To determine the relationships between strength, sprinting, and vertical jumping capabilities in professional soccer players. A secondary objective was to verify the influence of maximum strength levels on aerobic capacity.


After analyzing the correlations between strength, sprint, and jump performance and examining the levels of strength and aerobic capacities in elite soccer players, the authors concluded that:

  • There were strong correlations between maximum strength in half squat exercise and 10-m shuttle run, and 10- and 30-m linear sprint performance.
  • There was a strong correlation between maximum strength in half squat exercise and vertical jumping height.
  • Higher levels of strength do not necessarily imply lower levels of oxygen consumption in elite soccer players.
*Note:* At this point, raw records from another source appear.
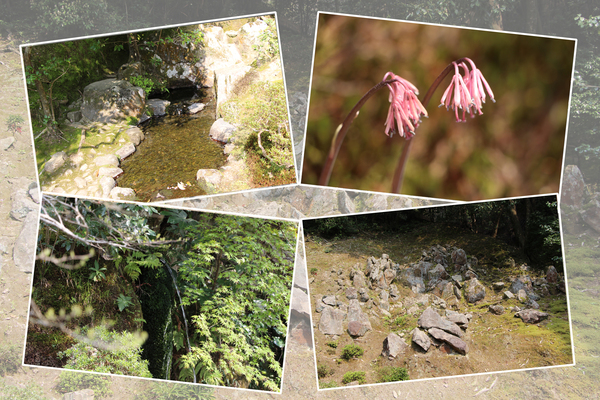 春の京都・銀閣寺「洗月泉、お茶の井、石組み庭園」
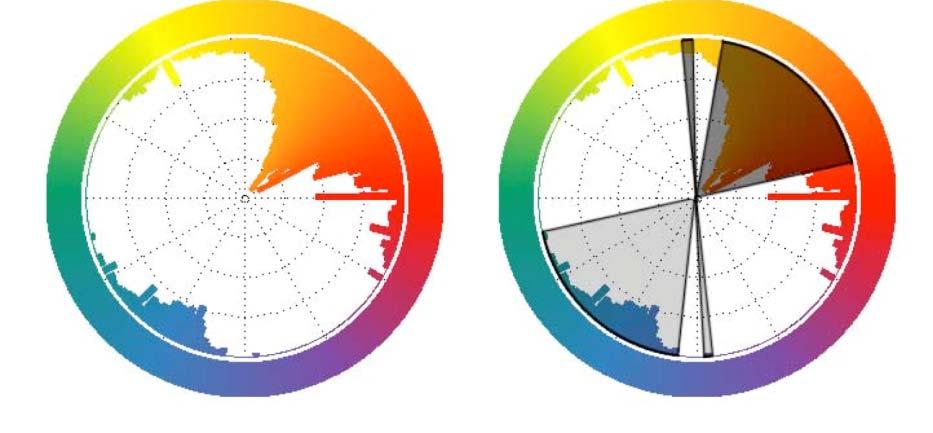 Figure 2: Hue values expressed as circular histogram around an RYB hue wheel (left). The hue values in dark grey are in an antagonistic relationship to the values in light grey (right).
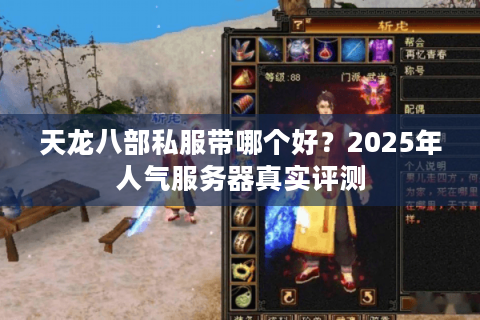 天龙八部私服带哪个好？2025年人气服务器真实评测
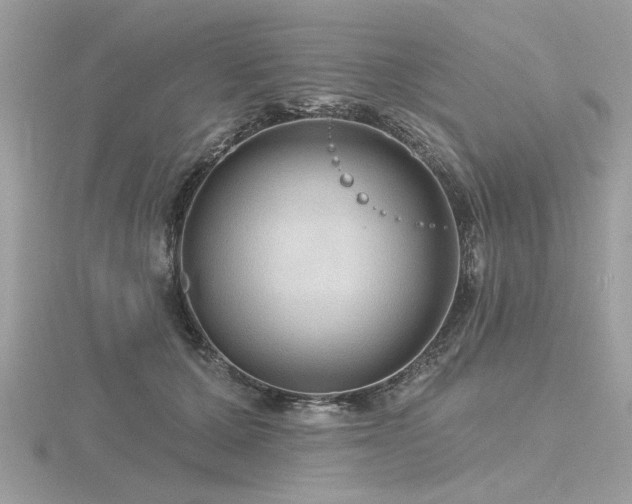 X0000116590607200912101541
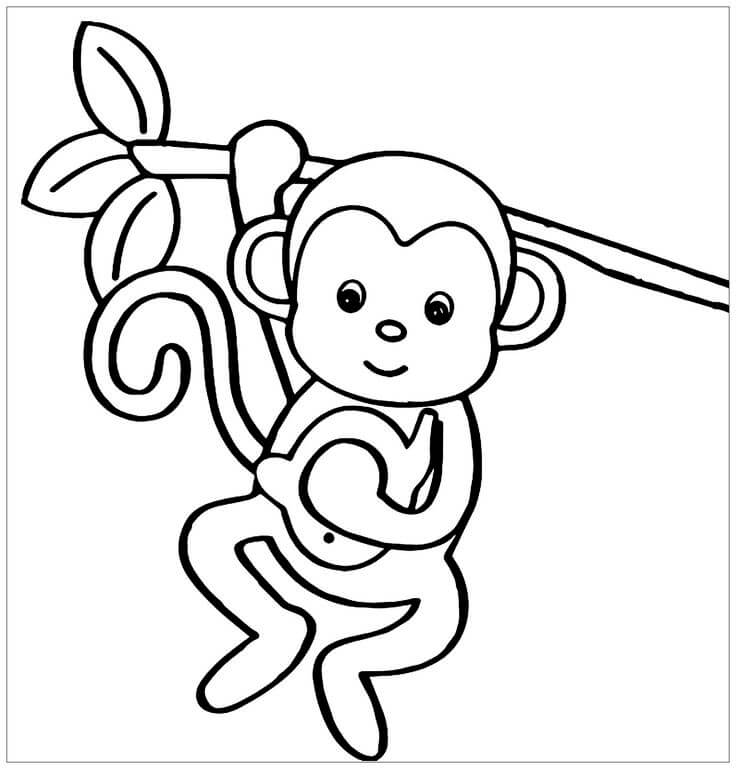 Dibujo de Mono básico para Colorear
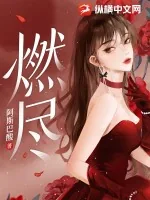 《燃尽》小说封面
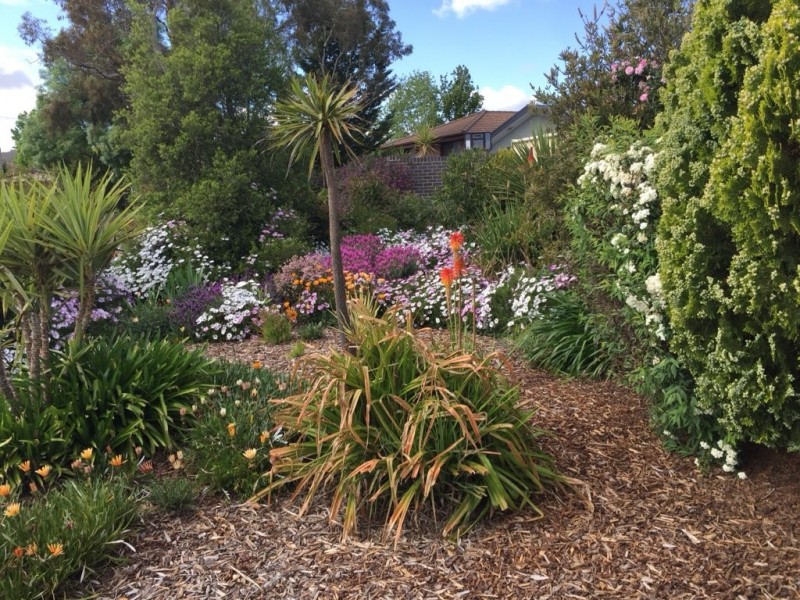 4 Rapke Place, Chisholm ACT 2905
Strength training with emphasis on maximal mobilization of concentric actions may possibly improve the sprint and jump performance of professional soccer players. These athletes can simultaneously present high levels of strength and aerobic capacities.


  • Loaded-squat-based movements should be frequently performed by elite soccer players. Stronger players (especially in relative terms) are probably able to sprint faster and jump higher.
  • Coaches should regularly assess the neuromuscular performance of their players via practical field tests (e.g., vertical jump tests) in order to balance the adaptations provided by both strength- and aerobic-based (e.g., soccer-specific activities) training sessions.
  • The constant monitoring and adjustment of these strength-power-related capabilities throughout the season may allow coaches to maintain their teams at high performance levels.

Bangsbo J, Nørregaard L, Thorsøe F. Activity profile of competition soccer. Can J Sport Sci 1991:110–16.

Reilly T, Thomas V. A motion analysis of work-rate in different positional roles in professional football match-play. Journal of Human Movement Studies 1976:87–97.

O’Donoghue P. Time-motion analysis of work rate in elite soccer. In: Notational analysis of sport IV. Porto: Centre for Team Sports Studies, Faculty of Sport Sciences and Physical Education, University of Porto/HM Tavares Fernando, 2001:65–70.

Helgerud J, Engen LC, Wisløff U, et al. Aerobic endurance training improves soccer performance. Med Sci Sports Exerc 2001; 33:1925–31.

Withers RT. Match analyses of Australian professional soccer players. Journal of Human Movement Studies 1982; 8:159–76.

Buhrle M, Schmidtbleicher D. Der einfluss von maximalkrafttraining auf die bewegungsschnelligkeit (The influence of maximum strength training on movement velocity). Leistungssport 1977; 7:3–10.